Railway station in Hamburg, Germany

Kiwittsmoor is a station on the Hamburg U-Bahn line U1. It was opened in May 1960 and is located in Hamburg, Germany, in the quarter of Langenhorn. Langenhorn is part of the borough of Hamburg-Nord.

==History==
The Kiwittsmoor station was subsequently added to the elevated railway line to Ochsenzoll, which had existed since the 1910s. During the construction of the railway there was no need for a station as the area was largely uninhabited. Only in the post-war years did dense settlement construction begin, which made an underground station on Kiwittsmoor seem sensible. The station was then built from 1959 and opened on May 10, 1960.

Major renovations only took place in 2013, when the station was redesigned to be barrier-free. Since then, it has had an inclined elevator from street to platform level, the platform has been partially raised and a guidance system for the visually impaired has been installed.
A Park + Ride facility with 274 parking spaces has been available again since the end of 2019, but curiously it is not shown on the HVV network plan.
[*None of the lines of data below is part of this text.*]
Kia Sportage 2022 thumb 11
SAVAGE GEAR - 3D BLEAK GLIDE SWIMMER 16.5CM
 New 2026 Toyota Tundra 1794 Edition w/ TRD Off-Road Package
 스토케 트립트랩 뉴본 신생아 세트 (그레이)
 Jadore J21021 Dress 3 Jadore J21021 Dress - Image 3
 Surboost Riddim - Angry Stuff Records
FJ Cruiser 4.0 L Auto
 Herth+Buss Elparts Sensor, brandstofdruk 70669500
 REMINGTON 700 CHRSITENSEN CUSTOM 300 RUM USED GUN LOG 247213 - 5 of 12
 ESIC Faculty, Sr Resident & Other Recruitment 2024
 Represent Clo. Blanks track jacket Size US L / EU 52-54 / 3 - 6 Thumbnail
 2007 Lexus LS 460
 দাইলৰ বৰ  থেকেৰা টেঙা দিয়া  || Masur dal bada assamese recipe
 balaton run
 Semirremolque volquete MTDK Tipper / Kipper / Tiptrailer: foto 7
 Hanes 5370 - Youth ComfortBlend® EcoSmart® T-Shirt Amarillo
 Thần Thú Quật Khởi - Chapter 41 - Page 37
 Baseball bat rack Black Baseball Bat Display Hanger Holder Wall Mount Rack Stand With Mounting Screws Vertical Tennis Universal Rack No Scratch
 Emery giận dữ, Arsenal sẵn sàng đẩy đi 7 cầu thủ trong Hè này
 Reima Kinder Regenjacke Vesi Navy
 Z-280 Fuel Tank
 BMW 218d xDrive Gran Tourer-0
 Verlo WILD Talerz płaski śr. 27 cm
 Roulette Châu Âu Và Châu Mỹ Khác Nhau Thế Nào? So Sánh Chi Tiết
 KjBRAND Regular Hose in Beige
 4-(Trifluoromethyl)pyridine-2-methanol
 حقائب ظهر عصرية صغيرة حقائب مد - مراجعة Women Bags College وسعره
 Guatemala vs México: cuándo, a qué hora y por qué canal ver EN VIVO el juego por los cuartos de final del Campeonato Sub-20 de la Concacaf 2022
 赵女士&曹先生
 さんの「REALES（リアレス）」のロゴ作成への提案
Extensive renovations to the entrance hall began in the summer of 2022 in order to create new areas for a signal box and kiosk areas. With the demolition of the old kiosk areas, a green roof and a green outer facade, the architectural impression changes again.

==Station layout==
The station has an approximately 120-meter-long island platform on an embankment west of the Kiwittsmoor street in the north of Langenhorn.
The only access is at the east end of the platform. Here, stairs and an inclined elevator lead down to a small access building located northeast of the subway line at street level.

Above the stairs is a glass and ceramic mosaic from 1960 created by Annette Caspar.

==Service==
Kiwittsmoor is served by Hamburg U-Bahn line U1; departures are every 5 minutes, every 10 minutes in non-busy periods.

There are no bus lines here, and there are no plans to create or relocate a bus line here. If a bus stop is required due to rail replacement traffic, a bus stop sign is already in place.